** Opening DATA SECTION block **
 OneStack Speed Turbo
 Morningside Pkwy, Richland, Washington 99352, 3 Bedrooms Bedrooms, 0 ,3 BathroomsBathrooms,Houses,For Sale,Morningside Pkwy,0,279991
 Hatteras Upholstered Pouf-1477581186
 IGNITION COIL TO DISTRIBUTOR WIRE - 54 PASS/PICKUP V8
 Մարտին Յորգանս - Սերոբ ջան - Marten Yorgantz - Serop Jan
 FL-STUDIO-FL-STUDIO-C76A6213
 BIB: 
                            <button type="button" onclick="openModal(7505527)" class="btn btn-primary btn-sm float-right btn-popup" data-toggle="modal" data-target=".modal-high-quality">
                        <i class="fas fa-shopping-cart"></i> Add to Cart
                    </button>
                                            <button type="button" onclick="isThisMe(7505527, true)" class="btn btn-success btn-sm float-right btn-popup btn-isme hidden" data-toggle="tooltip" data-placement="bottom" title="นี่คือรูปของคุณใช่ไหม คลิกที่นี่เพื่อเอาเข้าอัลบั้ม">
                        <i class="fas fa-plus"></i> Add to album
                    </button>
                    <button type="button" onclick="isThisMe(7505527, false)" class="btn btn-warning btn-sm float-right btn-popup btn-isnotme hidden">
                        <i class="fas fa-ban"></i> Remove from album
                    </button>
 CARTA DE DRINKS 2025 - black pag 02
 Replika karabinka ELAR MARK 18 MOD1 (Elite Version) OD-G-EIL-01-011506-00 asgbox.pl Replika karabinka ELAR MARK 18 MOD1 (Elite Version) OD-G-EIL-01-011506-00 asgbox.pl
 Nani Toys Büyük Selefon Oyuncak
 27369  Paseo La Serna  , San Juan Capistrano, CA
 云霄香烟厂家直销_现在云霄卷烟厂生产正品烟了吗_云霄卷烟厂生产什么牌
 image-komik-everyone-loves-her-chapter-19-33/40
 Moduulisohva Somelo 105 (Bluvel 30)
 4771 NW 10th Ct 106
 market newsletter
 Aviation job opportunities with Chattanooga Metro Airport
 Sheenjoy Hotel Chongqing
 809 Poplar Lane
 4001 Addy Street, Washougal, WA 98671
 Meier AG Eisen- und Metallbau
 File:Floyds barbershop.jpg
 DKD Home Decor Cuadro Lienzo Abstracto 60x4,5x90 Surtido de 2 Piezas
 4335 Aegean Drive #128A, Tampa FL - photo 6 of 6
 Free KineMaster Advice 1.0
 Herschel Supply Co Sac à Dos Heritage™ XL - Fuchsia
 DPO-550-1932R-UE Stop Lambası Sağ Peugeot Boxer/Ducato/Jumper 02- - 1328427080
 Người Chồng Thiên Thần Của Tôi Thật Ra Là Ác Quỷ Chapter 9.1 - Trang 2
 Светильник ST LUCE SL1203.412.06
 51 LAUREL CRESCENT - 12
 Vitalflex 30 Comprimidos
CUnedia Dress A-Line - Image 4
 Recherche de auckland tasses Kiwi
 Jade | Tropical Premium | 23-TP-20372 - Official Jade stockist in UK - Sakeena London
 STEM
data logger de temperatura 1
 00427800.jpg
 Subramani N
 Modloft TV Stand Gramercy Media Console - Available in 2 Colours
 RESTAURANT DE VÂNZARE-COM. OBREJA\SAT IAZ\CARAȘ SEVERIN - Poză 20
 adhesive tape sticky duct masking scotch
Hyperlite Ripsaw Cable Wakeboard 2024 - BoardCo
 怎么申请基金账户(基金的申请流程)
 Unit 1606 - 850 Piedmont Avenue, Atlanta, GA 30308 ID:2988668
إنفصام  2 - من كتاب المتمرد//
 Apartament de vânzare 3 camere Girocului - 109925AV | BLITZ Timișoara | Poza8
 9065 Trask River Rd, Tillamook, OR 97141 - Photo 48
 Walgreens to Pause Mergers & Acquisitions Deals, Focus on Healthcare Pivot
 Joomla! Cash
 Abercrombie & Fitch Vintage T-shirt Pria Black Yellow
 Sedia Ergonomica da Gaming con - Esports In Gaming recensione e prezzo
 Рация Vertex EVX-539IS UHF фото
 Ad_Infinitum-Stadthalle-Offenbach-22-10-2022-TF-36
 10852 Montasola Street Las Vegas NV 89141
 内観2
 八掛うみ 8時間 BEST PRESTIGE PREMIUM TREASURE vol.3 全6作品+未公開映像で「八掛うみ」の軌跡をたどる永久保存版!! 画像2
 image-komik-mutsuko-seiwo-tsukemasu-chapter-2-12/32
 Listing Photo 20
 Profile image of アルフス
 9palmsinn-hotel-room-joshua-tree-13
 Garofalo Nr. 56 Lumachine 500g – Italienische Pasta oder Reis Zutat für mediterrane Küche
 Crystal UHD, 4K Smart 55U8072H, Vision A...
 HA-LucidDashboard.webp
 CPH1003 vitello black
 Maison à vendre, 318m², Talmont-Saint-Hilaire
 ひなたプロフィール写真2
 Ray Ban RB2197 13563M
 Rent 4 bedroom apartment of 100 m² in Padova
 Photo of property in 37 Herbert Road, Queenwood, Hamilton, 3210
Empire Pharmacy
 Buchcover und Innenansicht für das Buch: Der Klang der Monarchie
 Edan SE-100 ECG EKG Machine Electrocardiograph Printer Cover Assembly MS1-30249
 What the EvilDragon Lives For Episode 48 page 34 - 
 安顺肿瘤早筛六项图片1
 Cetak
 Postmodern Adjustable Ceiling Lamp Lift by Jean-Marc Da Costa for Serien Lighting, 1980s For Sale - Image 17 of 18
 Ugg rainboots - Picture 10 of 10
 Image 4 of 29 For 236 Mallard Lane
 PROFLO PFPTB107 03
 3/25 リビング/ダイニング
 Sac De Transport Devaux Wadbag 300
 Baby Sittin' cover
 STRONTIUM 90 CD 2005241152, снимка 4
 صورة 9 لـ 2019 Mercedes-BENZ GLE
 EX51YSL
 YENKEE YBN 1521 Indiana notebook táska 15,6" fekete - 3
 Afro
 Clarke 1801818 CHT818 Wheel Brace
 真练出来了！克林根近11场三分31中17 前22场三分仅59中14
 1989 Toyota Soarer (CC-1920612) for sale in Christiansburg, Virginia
** Closing DATA SECTION block **
TASK OBJECTIVE =>
What you should produce is an exact copy of the records above.

YOUR SOLUTION =>
 OneStack Speed Turbo
 Morningside Pkwy, Richland, Washington 99352, 3 Bedrooms Bedrooms, 0 ,3 BathroomsBathrooms,Houses,For Sale,Morningside Pkwy,0,279991
 Hatteras Upholstered Pouf-1477581186
 IGNITION COIL TO DISTRIBUTOR WIRE - 54 PASS/PICKUP V8
 Մարտին Յորգանս - Սերոբ ջան - Marten Yorgantz - Serop Jan
 FL-STUDIO-FL-STUDIO-C76A6213
 BIB: 
                            <button type="button" onclick="openModal(7505527)" class="btn btn-primary btn-sm float-right btn-popup" data-toggle="modal" data-target=".modal-high-quality">
                        <i class="fas fa-shopping-cart"></i> Add to Cart
                    </button>
                                            <button type="button" onclick="isThisMe(7505527, true)" class="btn btn-success btn-sm float-right btn-popup btn-isme hidden" data-toggle="tooltip" data-placement="bottom" title="นี่คือรูปของคุณใช่ไหม คลิกที่นี่เพื่อเอาเข้าอัลบั้ม">
                        <i class="fas fa-plus"></i> Add to album
                    </button>
                    <button type="button" onclick="isThisMe(7505527, false)" class="btn btn-warning btn-sm float-right btn-popup btn-isnotme hidden">
                        <i class="fas fa-ban"></i> Remove from album
                    </button>
 CARTA DE DRINKS 2025 - black pag 02
 Replika karabinka ELAR MARK 18 MOD1 (Elite Version) OD-G-EIL-01-011506-00 asgbox.pl Replika karabinka ELAR MARK 18 MOD1 (Elite Version) OD-G-EIL-01-011506-00 asgbox.pl
 Nani Toys Büyük Selefon Oyuncak
 27369  Paseo La Serna  , San Juan Capistrano, CA
 云霄香烟厂家直销_现在云霄卷烟厂生产正品烟了吗_云霄卷烟厂生产什么牌
 image-komik-everyone-loves-her-chapter-19-33/40
 Moduulisohva Somelo 105 (Bluvel 30)
 4771 NW 10th Ct 106
 market newsletter
 Aviation job opportunities with Chattanooga Metro Airport
 Sheenjoy Hotel Chongqing
 809 Poplar Lane
 4001 Addy Street, Washougal, WA 98671
 Meier AG Eisen- und Metallbau
 File:Floyds barbershop.jpg
 DKD Home Decor Cuadro Lienzo Abstracto 60x4,5x90 Surtido de 2 Piezas
 4335 Aegean Drive #128A, Tampa FL - photo 6 of 6
 Free KineMaster Advice 1.0
 Herschel Supply Co Sac à Dos Heritage™ XL - Fuchsia
 DPO-550-1932R-UE Stop Lambası Sağ Peugeot Boxer/Ducato/Jumper 02- - 1328427080
 Người Chồng Thiên Thần Của Tôi Thật Ra Là Ác Quỷ Chapter 9.1 - Trang 2
 Светильник ST LUCE SL1203.412.06
 51 LAUREL CRESCENT - 12
 Vitalflex 30 Comprimidos
CUnedia Dress A-Line - Image 4
 Recherche de auckland tasses Kiwi
 Jade | Tropical Premium | 23-TP-20372 - Official Jade stockist in UK - Sakeena London
 STEM
data logger de temperatura 1
 00427800.jpg
 Subramani N
 Modloft TV Stand Gramercy Media Console - Available in 2 Colours
 RESTAURANT DE VÂNZARE-COM. OBREJA\SAT IAZ\CARAȘ SEVERIN - Poză 20
 adhesive tape sticky duct masking scotch
Hyperlite Ripsaw Cable Wakeboard 2024 - BoardCo
 怎么申请基金账户(基金的申请流程)
 Unit 1606 - 850 Piedmont Avenue, Atlanta, GA 30308 ID:2988668
إنفصام  2 - من كتاب المتمرد//
 Apartament de vânzare 3 camere Girocului - 109925AV | BLITZ Timișoara | Poza8
 9065 Trask River Rd, Tillamook, OR 97141 - Photo 48
 Walgreens to Pause Mergers & Acquisitions Deals, Focus on Healthcare Pivot
 Joomla! Cash
 Abercrombie & Fitch Vintage T-shirt Pria Black Yellow
 Sedia Ergonomica da Gaming con - Esports In Gaming recensione e prezzo
 Рация Vertex EVX-539IS UHF фото
 Ad_Infinitum-Stadthalle-Offenbach-22-10-2022-TF-36
 10852 Montasola Street Las Vegas NV 89141
 内観2
 八掛うみ 8時間 BEST PRESTIGE PREMIUM TREASURE vol.3 全6作品+未公開映像で「八掛うみ」の軌跡をたどる永久保存版!! 画像2
 image-komik-mutsuko-seiwo-tsukemasu-chapter-2-12/32
 Listing Photo 20
 Profile image of アルフス
 9palmsinn-hotel-room-joshua-tree-13
 Garofalo Nr. 56 Lumachine 500g – Italienische Pasta oder Reis Zutat für mediterrane Küche
 Crystal UHD, 4K Smart 55U8072H, Vision A...
 HA-LucidDashboard.webp
 CPH1003 vitello black
 Maison à vendre, 318m², Talmont-Saint-Hilaire
 ひなたプロフィール写真2
 Ray Ban RB2197 13563M
 Rent 4 bedroom apartment of 100 m² in Padova
 Photo of property in 37 Herbert Road, Queenwood, Hamilton, 3210
Empire Pharmacy
 Buchcover und Innenansicht für das Buch: Der Klang der Monarchie
 Edan SE-100 ECG EKG Machine Electrocardiograph Printer Cover Assembly MS1-30249
 What the EvilDragon Lives For Episode 48 page 34 - 
 安顺肿瘤早筛六项图片1
 Cetak
 Postmodern Adjustable Ceiling Lamp Lift by Jean-Marc Da Costa for Serien Lighting, 1980s For Sale - Image 17 of 18
 Ugg rainboots - Picture 10 of 10
 Image 4 of 29 For 236 Mallard Lane
 PROFLO PFPTB107 03
 3/25 リビング/ダイニング
 Sac De Transport Devaux Wadbag 300
 Baby Sittin' cover
 STRONTIUM 90 CD 2005241152, снимка 4
 صورة 9 لـ 2019 Mercedes-BENZ GLE
 EX51YSL
 YENKEE YBN 1521 Indiana notebook táska 15,6" fekete - 3
 Afro
 Clarke 1801818 CHT818 Wheel Brace
 真练出来了！克林根近11场三分31中17 前22场三分仅59中14
 1989 Toyota Soarer (CC-1920612) for sale in Christiansburg, Virginia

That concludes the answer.